### TASK
Extract, word for word, each line from the line holding "DJ testimonial screenshot" through the end of the records. Omit every picture.

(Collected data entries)

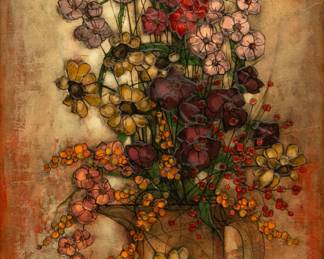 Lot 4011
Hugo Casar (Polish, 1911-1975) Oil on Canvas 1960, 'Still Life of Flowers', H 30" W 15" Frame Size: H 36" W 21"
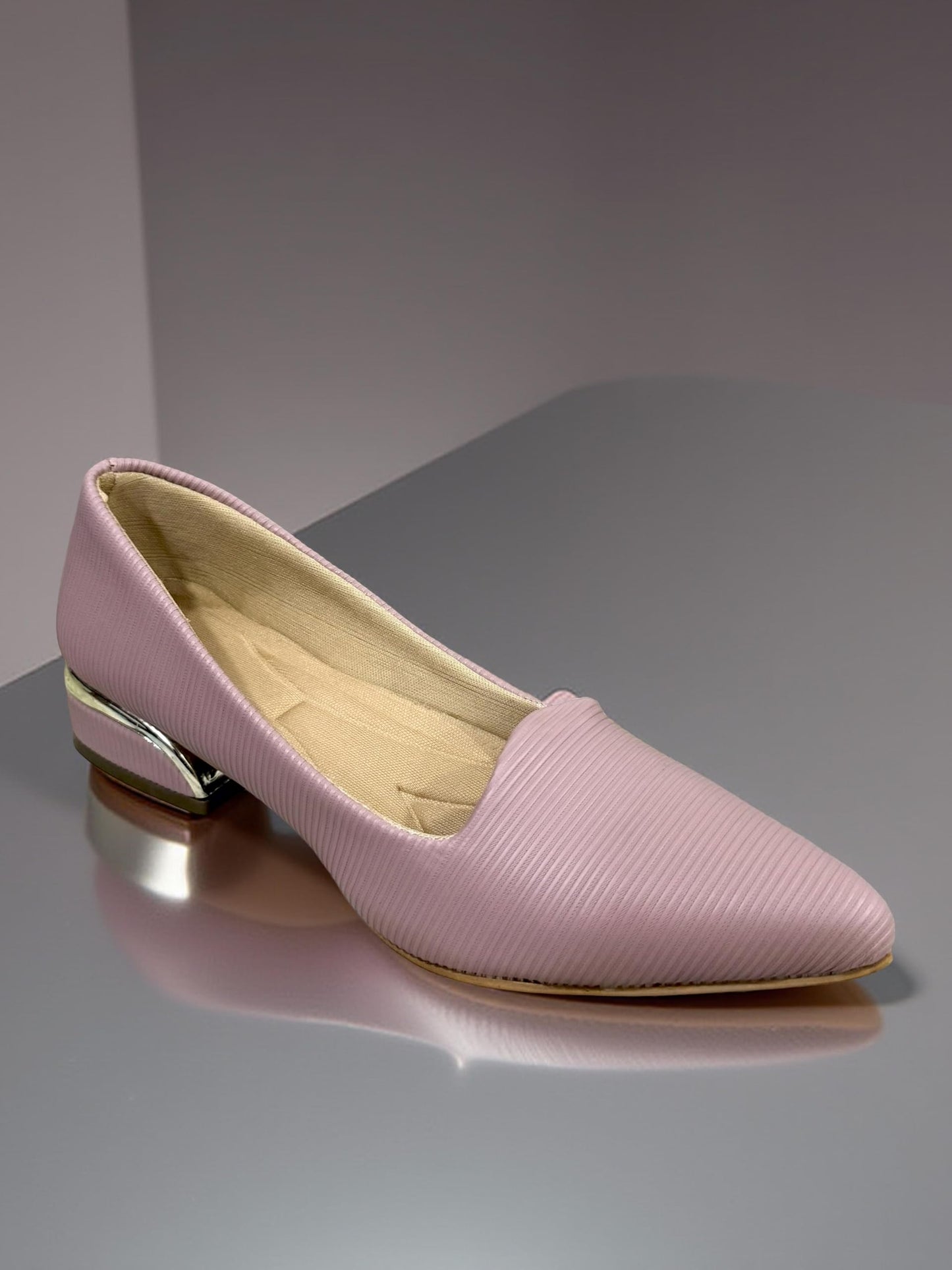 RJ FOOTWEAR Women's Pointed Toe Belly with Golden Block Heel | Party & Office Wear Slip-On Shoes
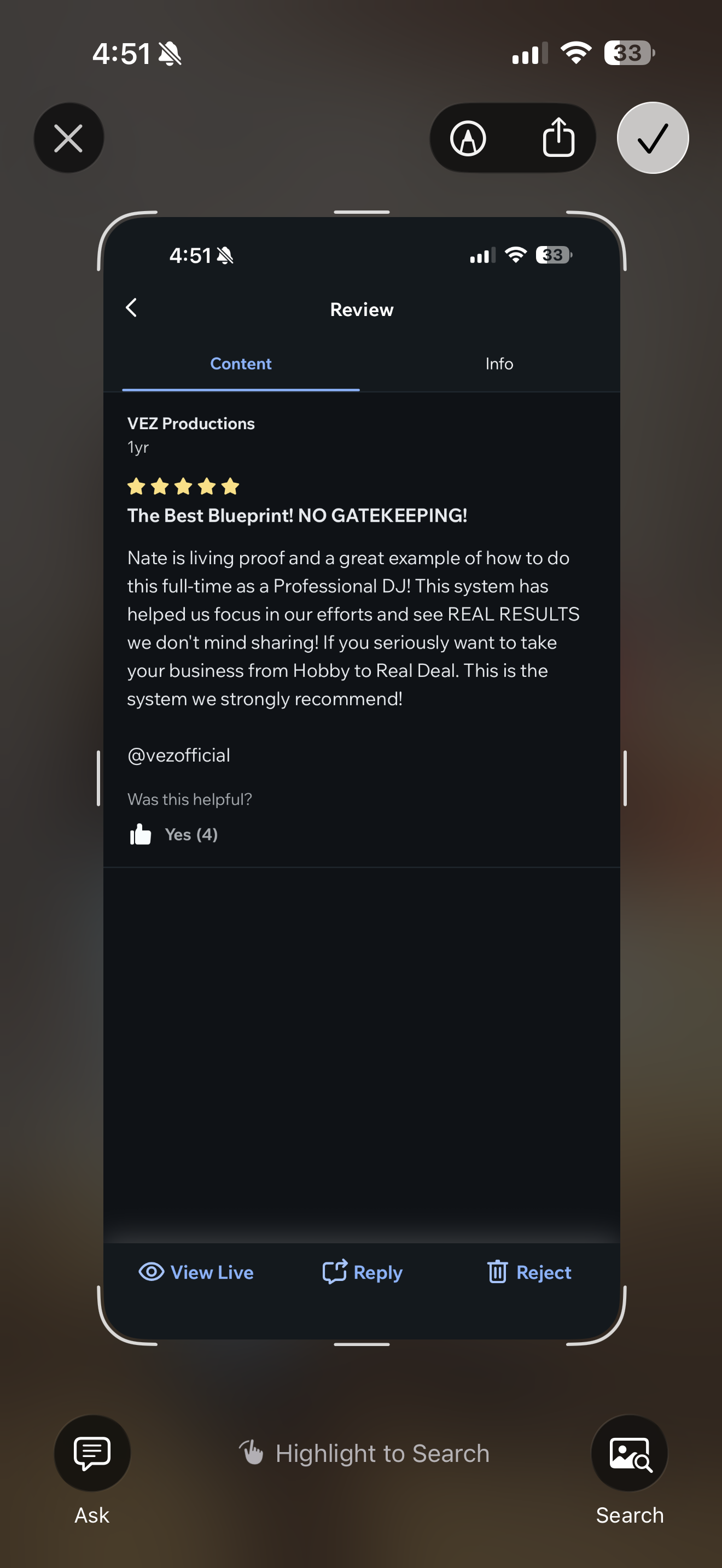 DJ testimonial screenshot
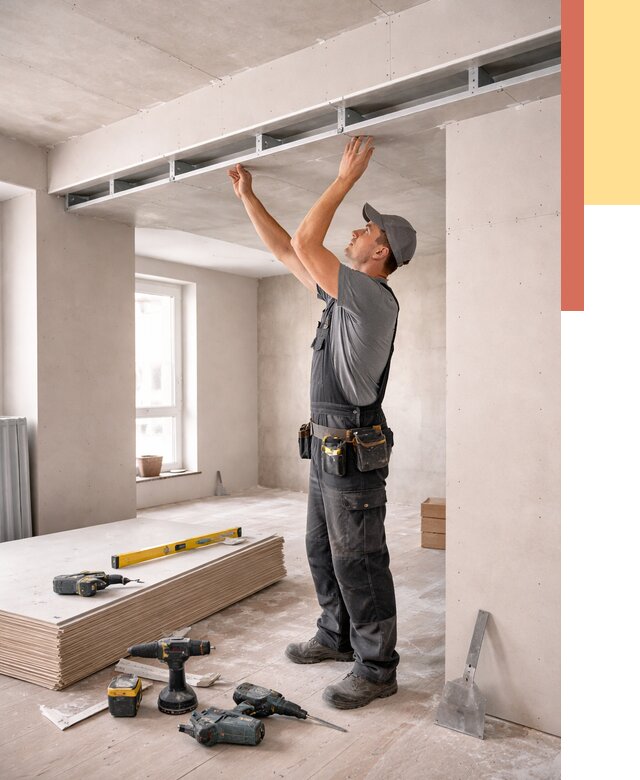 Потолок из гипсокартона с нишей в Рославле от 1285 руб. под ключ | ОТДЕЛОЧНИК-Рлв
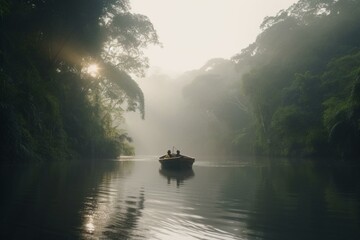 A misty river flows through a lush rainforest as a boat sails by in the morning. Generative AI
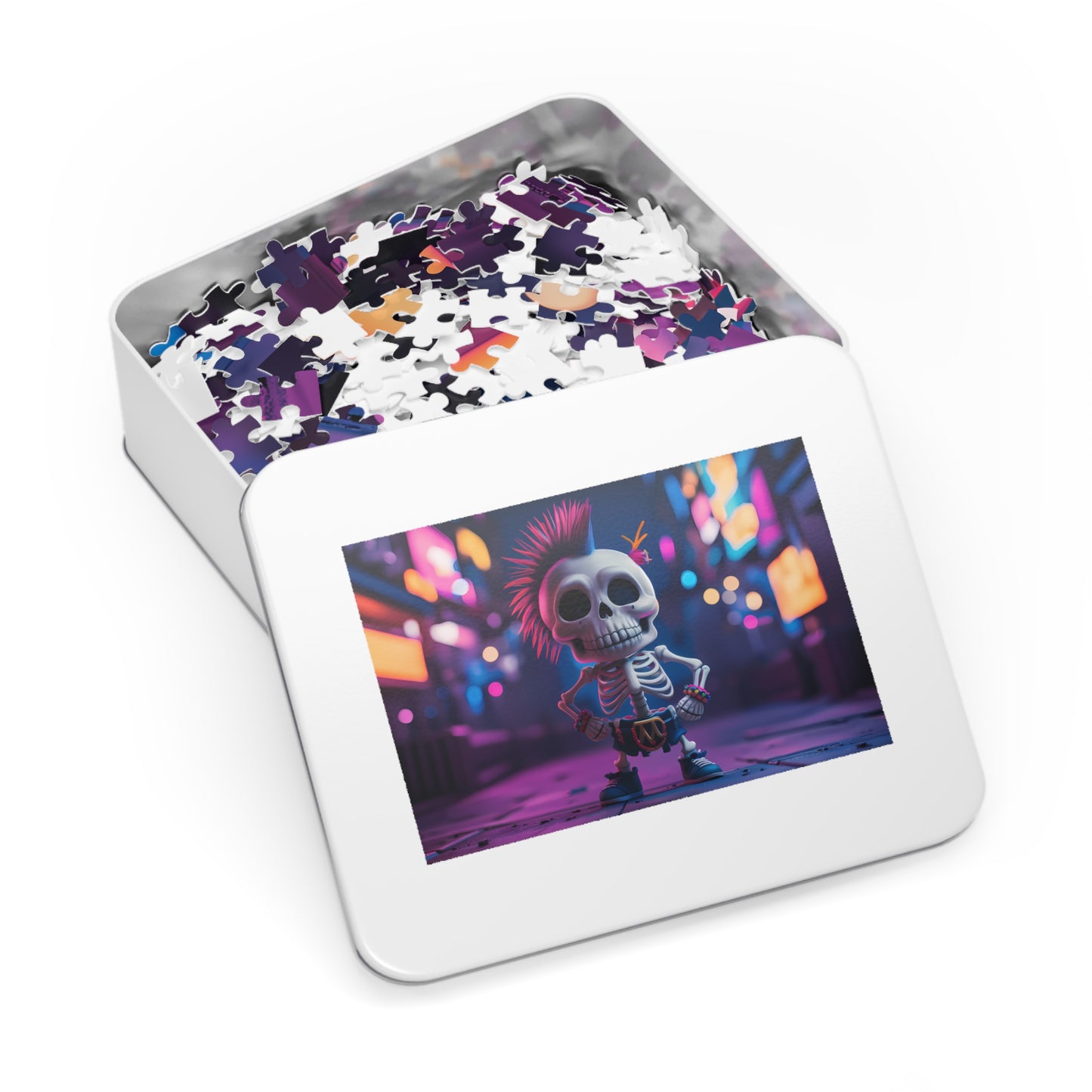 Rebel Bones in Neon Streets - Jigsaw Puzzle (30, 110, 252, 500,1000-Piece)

### REPLY TO THE TASK
 DJ testimonial screenshot
 Потолок из гипсокартона с нишей в Рославле от 1285 руб. под ключ | ОТДЕЛОЧНИК-Рлв
 A misty river flows through a lush rainforest as a boat sails by in the morning. Generative AI
 Rebel Bones in Neon Streets - Jigsaw Puzzle (30, 110, 252, 500,1000-Piece)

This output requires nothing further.